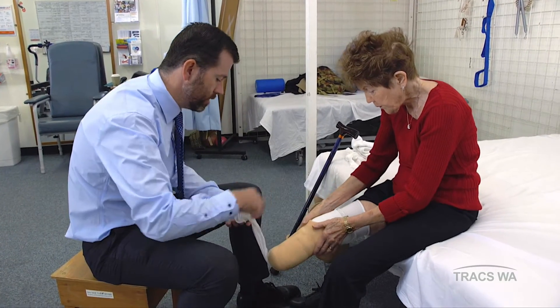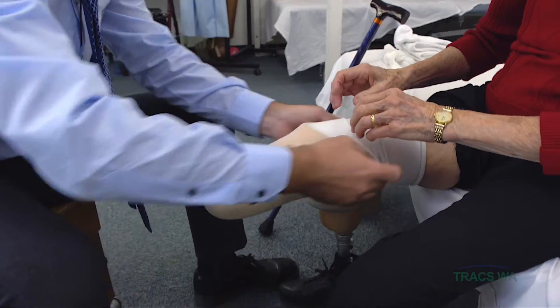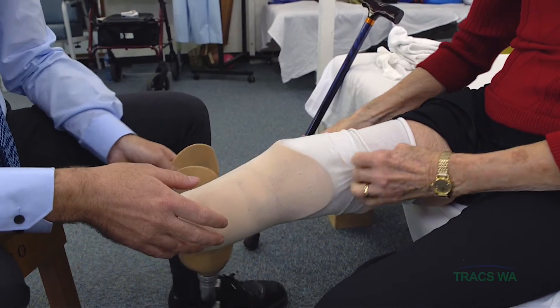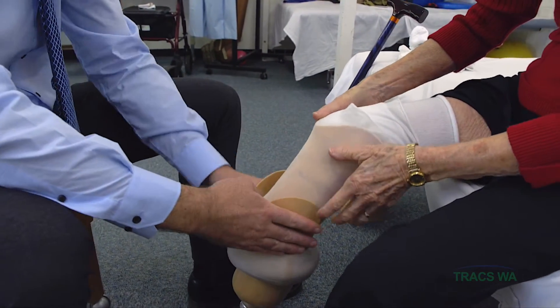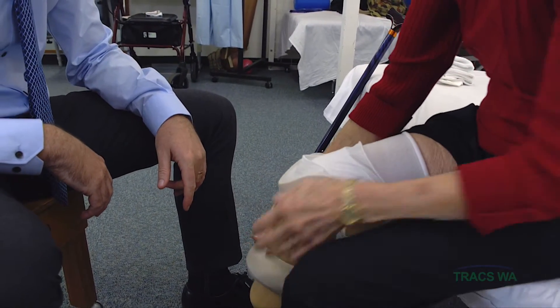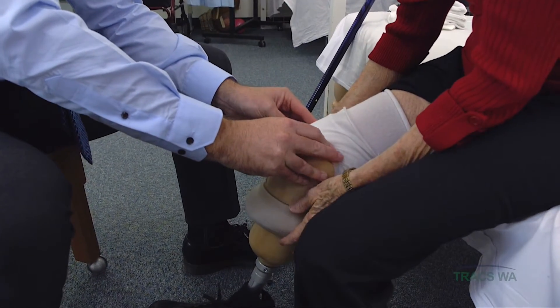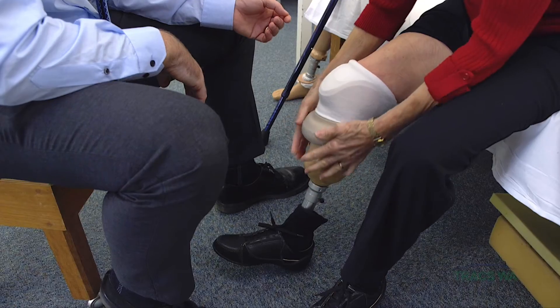Once that liner is on, I then turn that pull-through sock back over, just up to there. Then we slide the prosthesis in — just sort of lean forward onto it. It's really important at this point, Val, that you keep a little bit of weight downwards on the prosthesis until we get the sleeve in place. We don't want your leg popping out. Then rolling the sleeve up onto your leg.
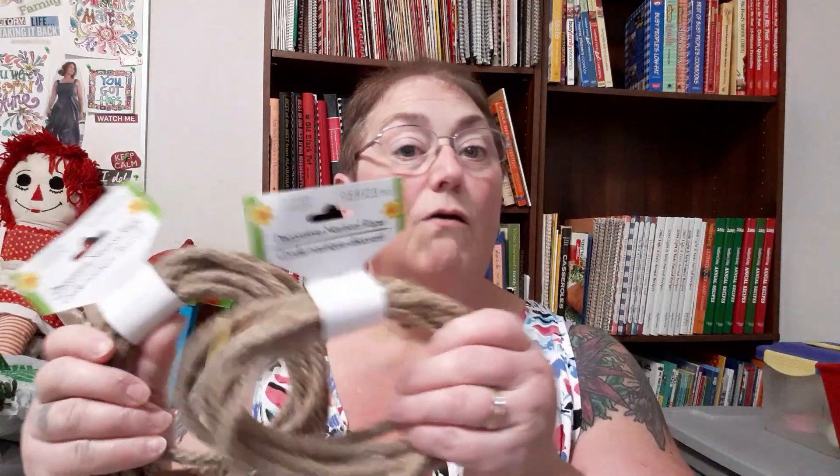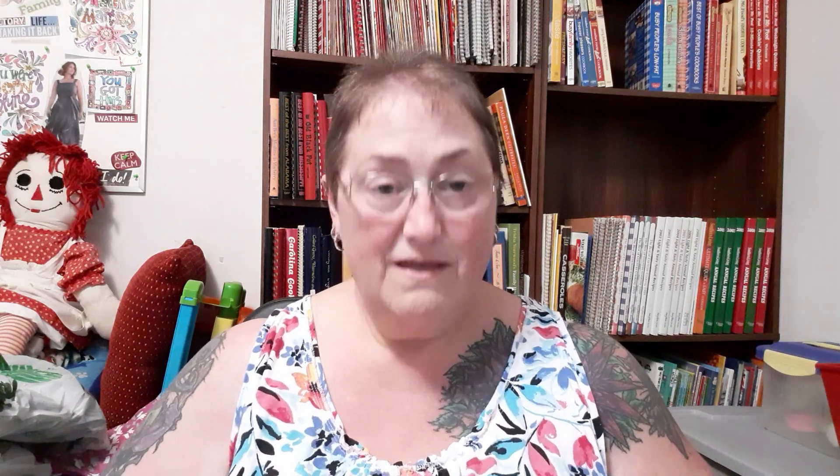They actually had the nautical rope I've seen in other hauls and crafters' videos — this is the only Dollar Tree I've been to that had it. I got two orange ribbon and jute rolls for fall, and then for next spring I got a pink and a green, figuring they won't be there later. They also had pretty ribbon I've never seen at Dollar Tree before — I got every color except one that didn't appeal to me.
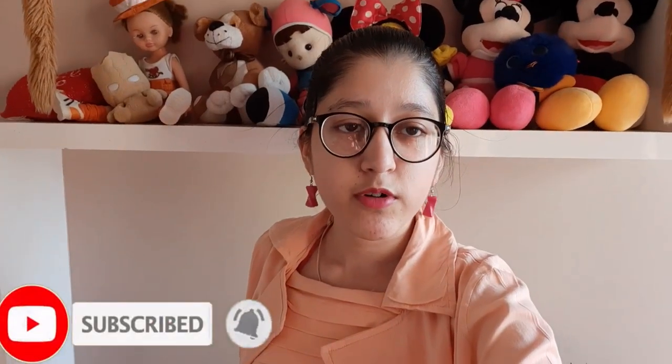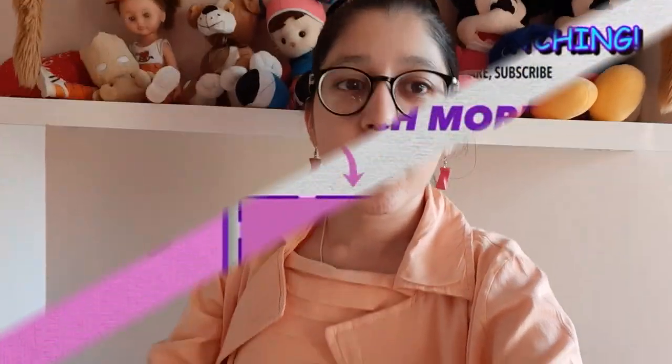If you like this video and would love to see more such videos in the future, then like, share, subscribe, and comment on my channel. Thank you so much guys for 80 subscribers — soon it will be 100. Keep loving, and if you are new then subscribe to my channel. Till then, goodbye guys, see you in the next video!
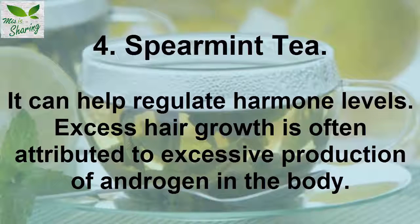4. Spearmint Tea. It can help regulate hormone levels. Excess hair growth is often attributed to excessive production of androgen in the body.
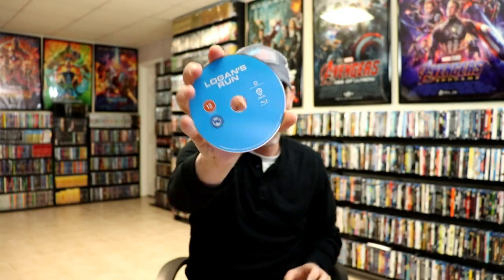So here's the Blu-ray disc with no disc art. And we do have some inside artwork.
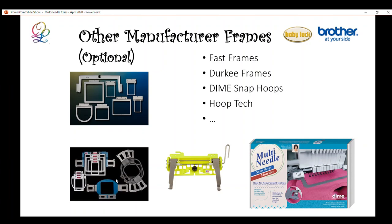Durkee also makes all kinds of additional frames with different shapes and sizes, including a cap frame for embroidering taller monograms or designs on top of a baseball cap. You flatten the cap, use sticky stabilizer, and the bill goes through the opening. Hooptec makes DIME magnetic frames — the nice thing about these is that the machine recognizes the hoop size because they are made the same size as standard frames and are used with the A driver.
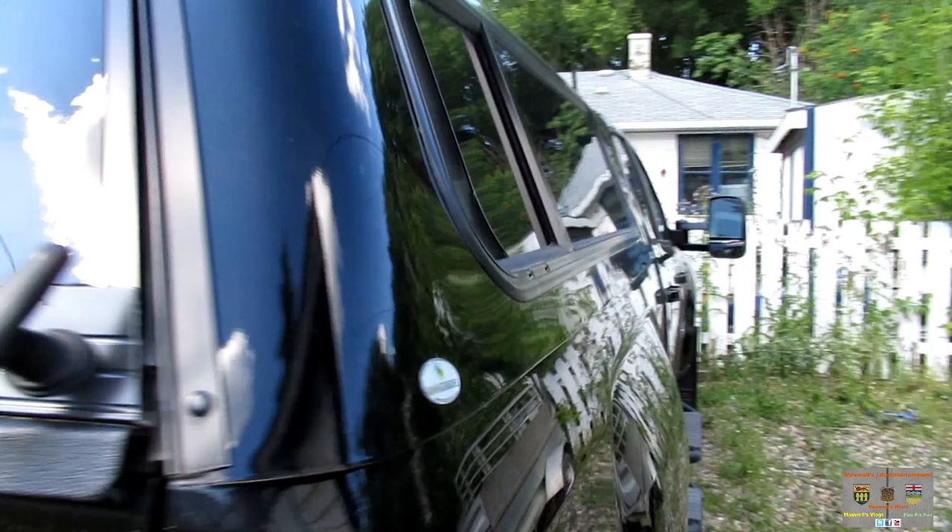I'm almost a hundred percent positive that this topper was gray or white at one time and they painted it black. Where it is peeling is around the edges where the window was installed first before it was painted, and I believe that's where the problem came in. I'm hoping everything goes well, hoping they take it, ship it, paint it, and send it back to me without any hassle.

━━━━━━━━━━

WHAT YOU NEED TO DO — Above are the records; set down exactly the lines from the line containing "Durkee also makes" through their last line, leaving every picture out.

REPLY —
Durkee also makes all kinds of additional frames with different shapes and sizes, including a cap frame for embroidering taller monograms or designs on top of a baseball cap. You flatten the cap, use sticky stabilizer, and the bill goes through the opening. Hooptec makes DIME magnetic frames — the nice thing about these is that the machine recognizes the hoop size because they are made the same size as standard frames and are used with the A driver.
I'm almost a hundred percent positive that this topper was gray or white at one time and they painted it black. Where it is peeling is around the edges where the window was installed first before it was painted, and I believe that's where the problem came in. I'm hoping everything goes well, hoping they take it, ship it, paint it, and send it back to me without any hassle.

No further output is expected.